First off, at this point we don't have a copy of your bio. We'll be meeting you for the very first time. Your first post needs to give the readers a brief picture of your character. We're looking for more than, "Hi, I'm Joe, reporting for assignment." Yes, we want you to tell us who you are and that you're ready for your assignment, but we need to be more than told, we need to be shown. What I mean is, we want to know what your character looks like. How does s/he walk onto the Auditorium. Are there any noticeable tendencies, are they scared, excited, or do they have a klutz-attack?

Below is a brief example of a first post:

Lorissa Craven strode, all confidence, into the grandiose Academy Auditorium. Most of the male crew members knew she was there without looking. The pheromones of the green skinned Orion women were legendary and even with an inhibitor, Lorissa was noticed immediately. It didn't make her uncomfortable though, she was used to the stares. She flicked her long black hair playfully as she rounded the corner to center herself in front of the Dean of Admissions. Her gait became a little less confident when she saw who, or what, was sitting next to the Dean. A Klingon. She hated Klingons. They'd murdered her family and more. Much, much more. The Klingon looked up at her so she couldn't turn around like she wanted. She was trapped and it showed on her face.
"Cadet Craven, reporting for assignment." She handed the Dean a PADD with her orders and waited for her to speak, trying not to stare at the Klingon sitting next to her.

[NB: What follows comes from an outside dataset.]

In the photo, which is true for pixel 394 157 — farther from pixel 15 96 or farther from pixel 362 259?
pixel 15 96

What have we found out about Cadet Craven? We know she is an Orion female with green skin and long black hair. We also found out that she hates Klingons, and her family is dead. She was confident, until she encountered someone she felt threatened by. All that in just a paragraph. That's what we'd like to see in the first post. Again, we're not looking for Pulitzer prize winning writing. Have fun telling us about your character. Read some of the other posts to learn how other people tell you about their characters.

Conclusion

The formatting rules of Federation Space can be a little daunting at first if you have never played an RPG before. With practice and by following the suggestions and guidelines laid out on this page, you can easily become a dynamic member. Remember that the primary goal of Federation Space is to have fun!